Should the size of the U.S. House of Representatives change?
About three-in-ten adults (29%) say the size of the House of Representatives should be increased beyond its current 435 members, while a narrow majority (53%) say the size of the House should stay the same. Another 15% prefer to decrease the size of the House.
Democrats are more likely than Republicans to say that the number of members in the House should increase, though larger shares in both parties favor keeping the House at its current size.
About a third of Democrats and Democratic leaners (35%) favor increasing the size of the House, compared with 23% of Republicans and Republican leaners.
Republican-leaning independents (30%) are more likely than GOP partisans to favor increasing the size of the House (19%). The views of Democratic-leaning independents on this question are nearly identical to those of Democratic identifiers.

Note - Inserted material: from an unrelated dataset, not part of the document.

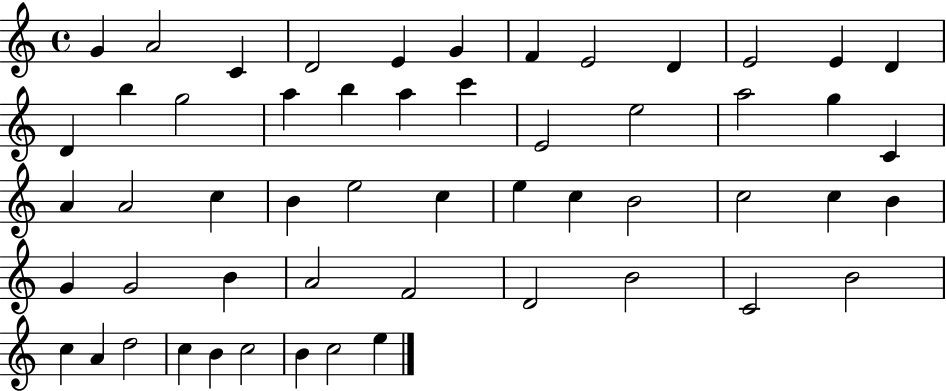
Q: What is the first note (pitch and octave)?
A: G4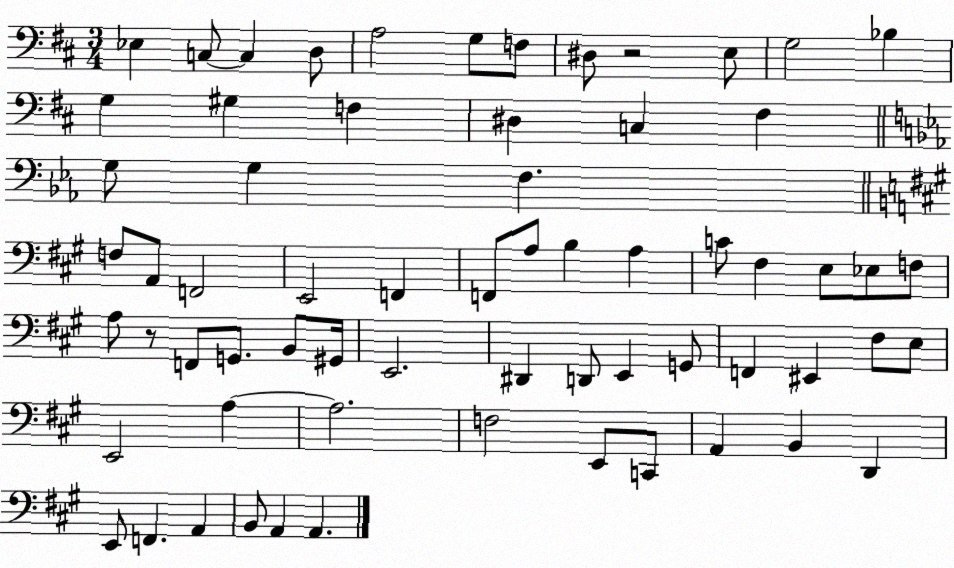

Senate seats and population size
When it comes to the Senate, 66% of adults say that the method of determining representation in the upper chamber should not be changed, and all states should continue to have two senators regardless of population size. Roughly half as many (32%) say that the Constitution should be amended so that states with larger populations have more senators than smaller states.
Eight-in-ten Republicans favor maintaining the Senate’s present structure.
Among Democrats, a narrower majority (54%) favor the current allocation, while 45% say the Constitution should be amended.
The views of independents are similar to the overall public’s views, with 65% preferring to keep the current system as-is. However, Democratic-leaning independents’ views are nearly identical to Democratic partisans’ views, while Republican-leaning independents’ views are nearly identical to Republicans’ views.
Younger adults more supportive of structural changes
Younger adults are more likely than older adults to favor a popular vote for president, an expansion of the House of Representatives and a change to the way representation in the Senate is apportioned.
While majorities of adults across age groups support changing the presidential election system so the candidate who wins the popular vote wins the election, this view is more common among those under 50 (69%) than among those ages 50 and older (61%).
Age differences are larger when it comes to changes to the structure of Congress, with support for changes decreasing with age. Adults under 30 are much more likely than those 65 and older to say both that the number of House members should be increased (44% vs. 17%) and that the Constitution should be amended so that more populous states have more senators than smaller states (45% vs. 18%).